In my lab I have our whole network mocked up.  We also have our BGP peers mocked up and an "internet" to connect between them so we can test/simulate routing issues.  I have also built an ESXi host to mimic the key services on our network including DNS, DHCP, etc. 

As a next step, I would like to put some VMs out on the "internet" in my lab for further testing.  I would like to be able to use DNS resolution for these simulated tests, but I am stuck on how to do that.  My thought was that I could create a DNS root server in my lab that would then delegate zones down to my network and the other networks that I will be creating.  My problem is I don't know how do create the root node.  Does anyone have insight on this or a place I can look for more information?

----------

## Suicidal

http://www.zytrax.com/books/dns/ch7/

You need to create a . Zone, I do this on my closed networks because signed software always tries to contact a ca that will never respond.

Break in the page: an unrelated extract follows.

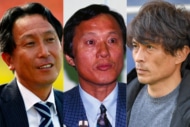 Jリーグ　元日本代表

I create a root zone then point * to 127.128.129.130

Any other zones I forward to thier perspective DNS servers.

This way the timeout is much shorter.

----------

## gentoo_ram

Make your name server the primary nameserver for a top level zone.  Like "test.".  Then point your VMs to this name server.  You can create whatever entries you want in there.  "host1.test."  "host2.test." etc.  Then the VMs never need to go out and look for other zones they don't have access to.

----------